> _WORK TASK_
Ignoring every picture, return the lines of the listing below word for word, from the line that holds "COCAIN Fish Scale" through the line that holds "闽南溢汤溢隔水炖炖盅大号汤盅".

> _DATA TO EXAMINE_
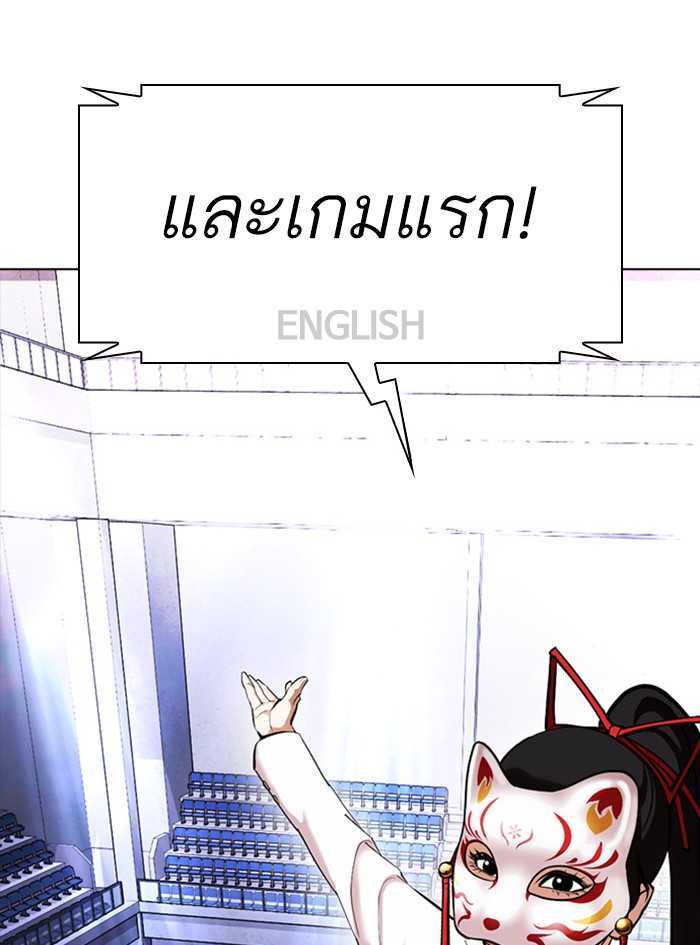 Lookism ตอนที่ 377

...

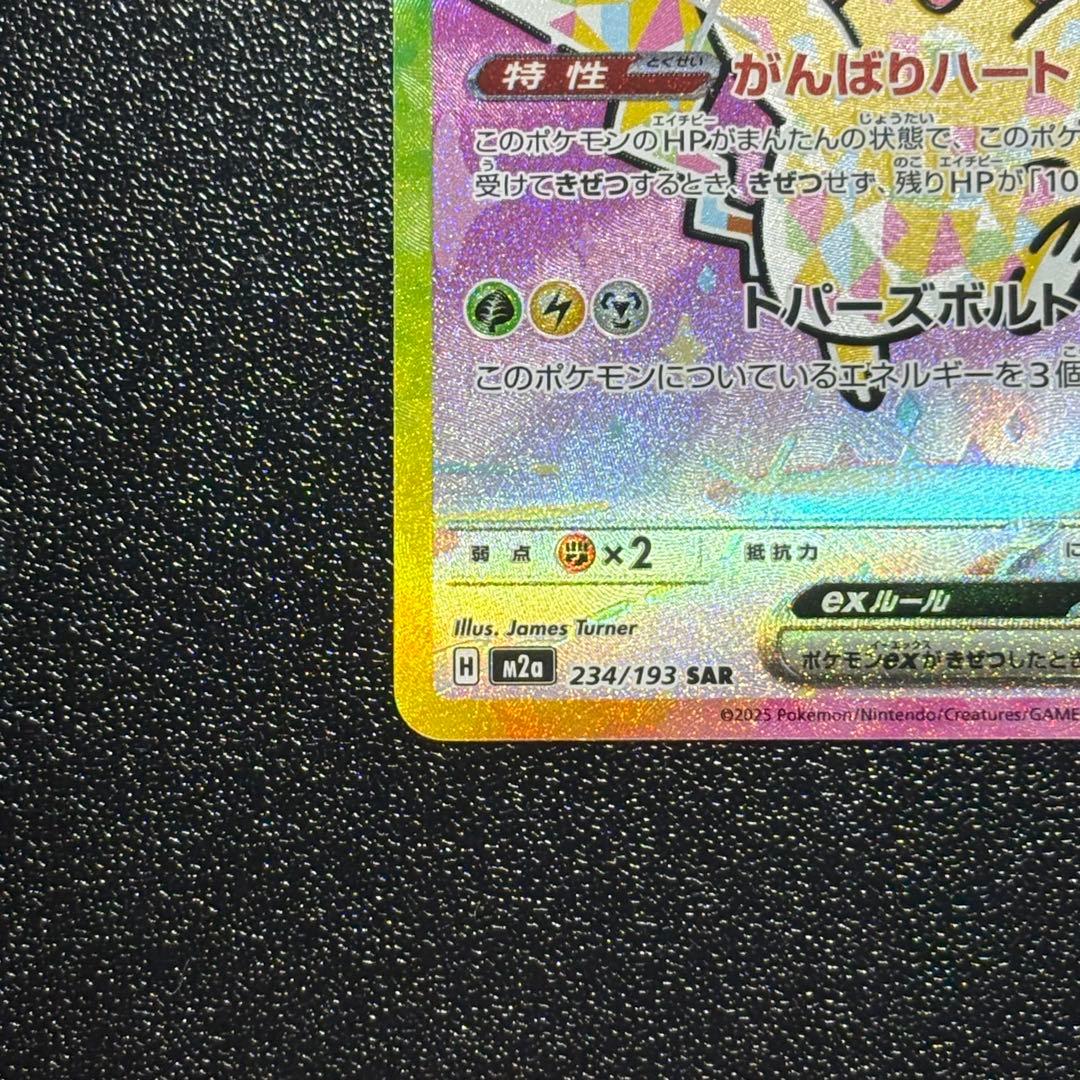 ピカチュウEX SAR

---

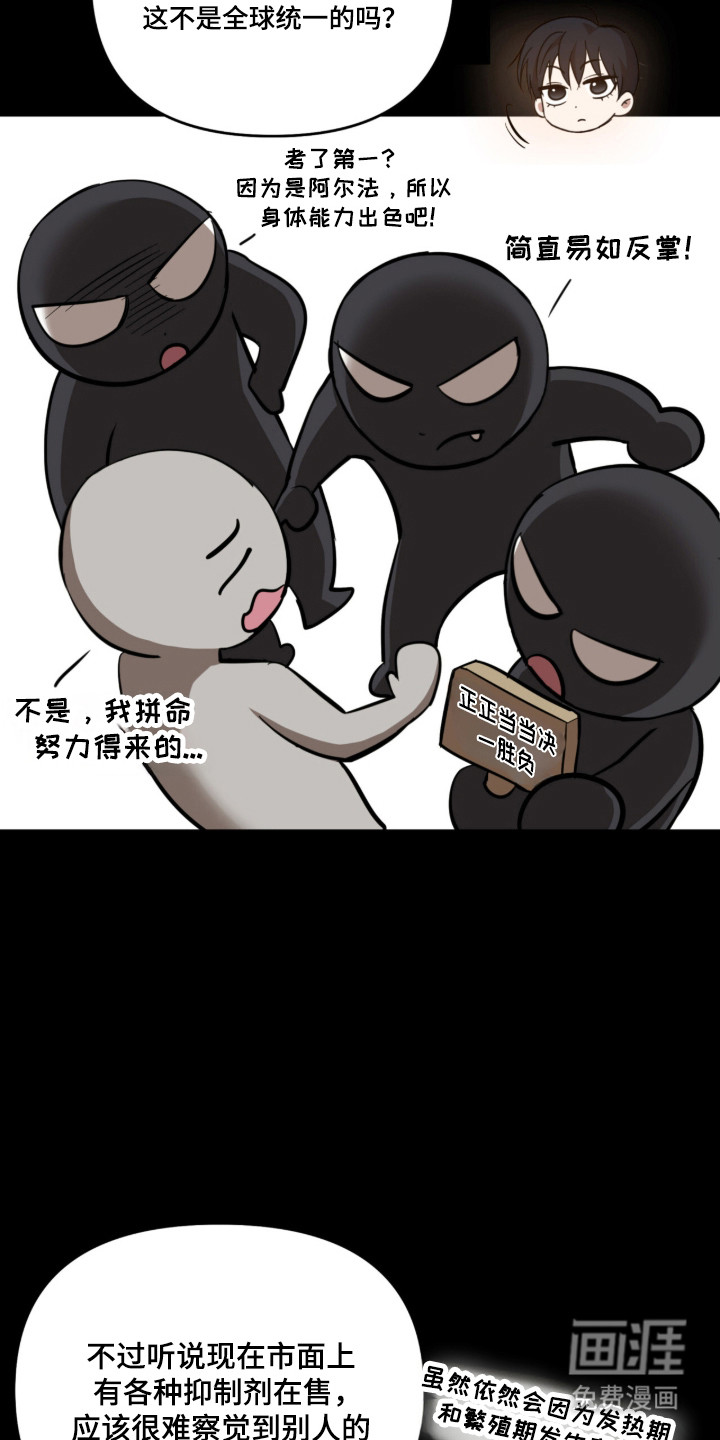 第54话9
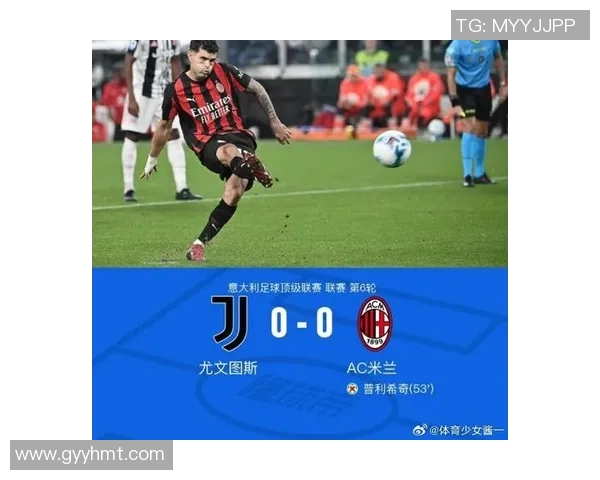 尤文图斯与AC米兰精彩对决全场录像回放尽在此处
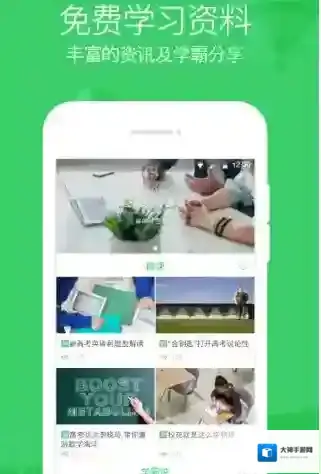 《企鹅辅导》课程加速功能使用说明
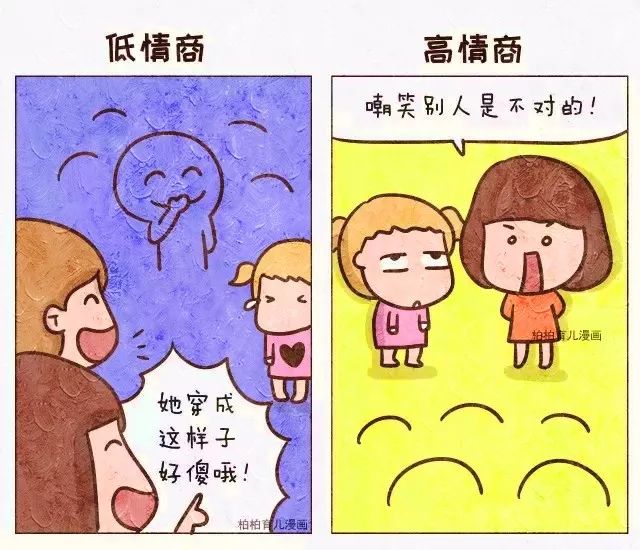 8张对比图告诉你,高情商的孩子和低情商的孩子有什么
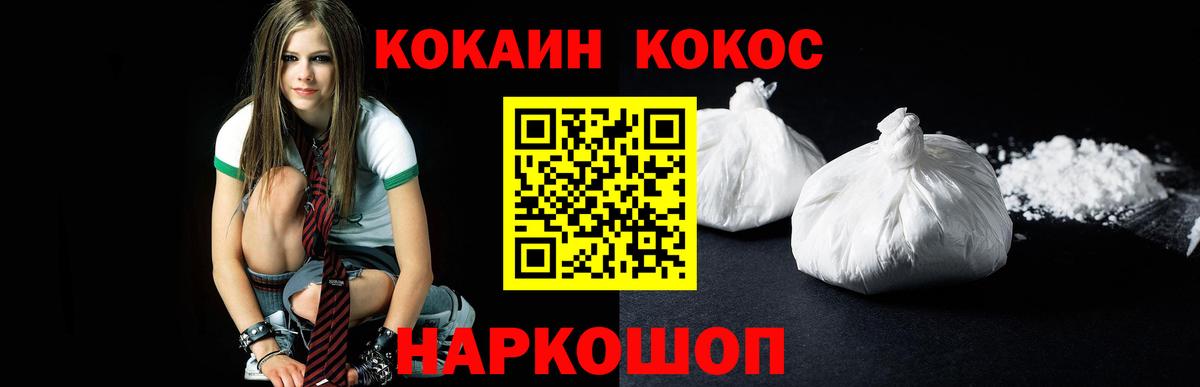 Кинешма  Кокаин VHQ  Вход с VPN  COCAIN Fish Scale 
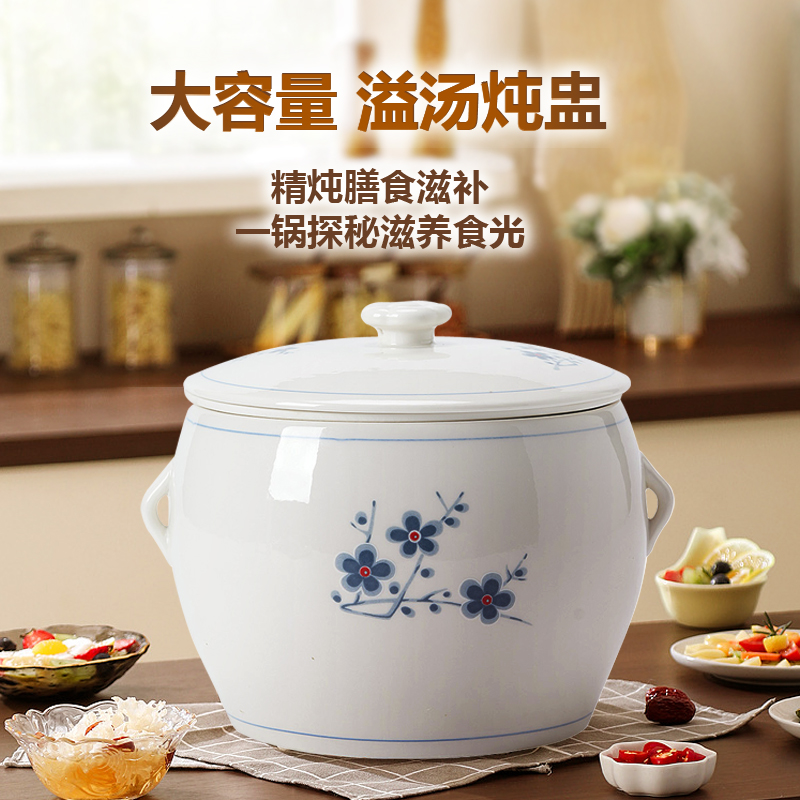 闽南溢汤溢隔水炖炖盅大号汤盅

> _RESPONSE BELOW_
 Кинешма  Кокаин VHQ  Вход с VPN  COCAIN Fish Scale 
 闽南溢汤溢隔水炖炖盅大号汤盅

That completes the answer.